Entrepot-bound, twitchy-eyed and checking both sides behind him as he comes, rounding the curve of Subdormitory B's hall with his stick and little solid frustum-shaped stool, Michael Pemulis sees at least eight panels of the drop-ceiling have somehow fallen out of their aluminum struts and are on the floor — some broken in that incomplete, hingey way stuff with fabric-content gets broken — including the relevant panel. No old sneaker is in evidence on the floor as he clears the panels to plant the stool, his incredibly potent Bentley-Phelps penlight in his teeth, looking up into the darkness of the struts' lattice.

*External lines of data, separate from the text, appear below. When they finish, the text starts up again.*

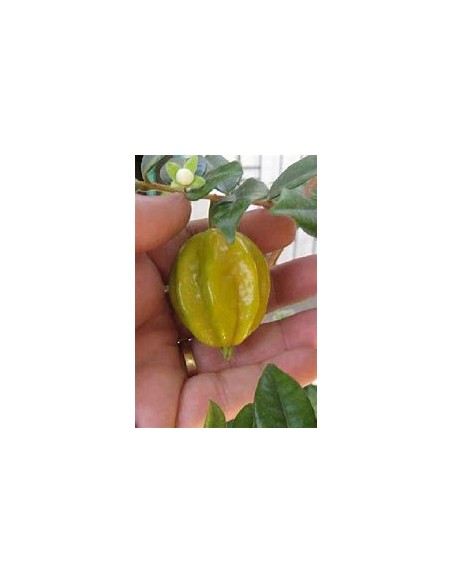 Pitangatuba - (eugenia selloi)- 1 Arbolito en Venta en Mexico - Vivero por internet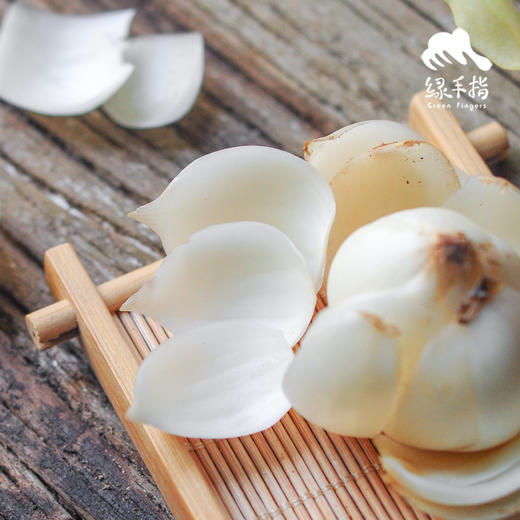 生态高原鲜百合 | 合作生产*Eco- Lily | Coproduction 商品图5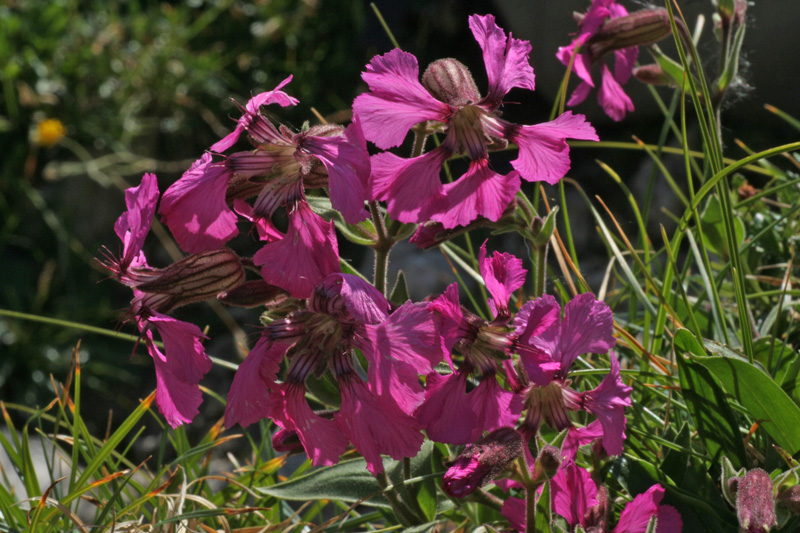 Silene elisabethae / Silene di Elisabetta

Given the Faxter's historical proclavity for fraudulent scams, it was amazing to Gately that he didn't ever know how Fackelmann had been fraudulently getting over on Whitey Sorkin in all kinds of little ways almost from the start, and didn't even find it out until the not at all small scam with Eighties Bill and Sixties Bob, which took place during the three months Gately was out on bail Sorkin had generously put up. By this time Gately had fallen in with two lesbian pharmaceutical-cocaine addicts he'd met at the gym doing upside-down sit-ups from the chin-up bar (the lesbians, not Gately, who was strictly from bench, curl, and squat). These vigorous girls ran a rather intriguing house-cleaning-and-key-copyíng-and-burglary operation in Peabody and Wakefield, and Gately had begun working heavy-merchandise-lifting and 4x4-vehicle-promotion for them, serious full-time burglary, as his taste for even the threat of violence diminished on account of remorse at the bouncer-damage he'd inflicted in that Danvers bar after just seven Hefenreffers and an innocent comment about the B.-S.H.S.'s Min-utemen's inferiority to the Danvers H.S. Roughriders; and Gately left more and more of Sorkin's transfer-and-collection work to Fackelmann, who by this time had gotten back into oral narcotics out of Virus-fears and stopped resisting the sugar-cravings he associated with oral narcs and gotten so fat and soft his shirtfront looked like an accordion when he sat down to eat Peanut M&M's and nod, and now also to a bad-news new guy Sorkin had lately befriended and put to work, a fuchsia-haired Harvard Square punk-type kid with a build like a stump and round black unblinking eyes, an old-fashioned street-junk needle-jockey that went by the moniker Bobby C or just 'C,' and liked to hurt people, the only I.V.-heroin addict Gately'd come across that actually preferred violence, with no lips at all and purple hair in three great towering spikes and little bare patches in the hair on his forearms — from constantly testing the edge on his boot-knife — and a leather jacket with way more zippers than anybody could ever need, and a pre-electric earring that hung way down and was a roaring skull in gold-plate flames.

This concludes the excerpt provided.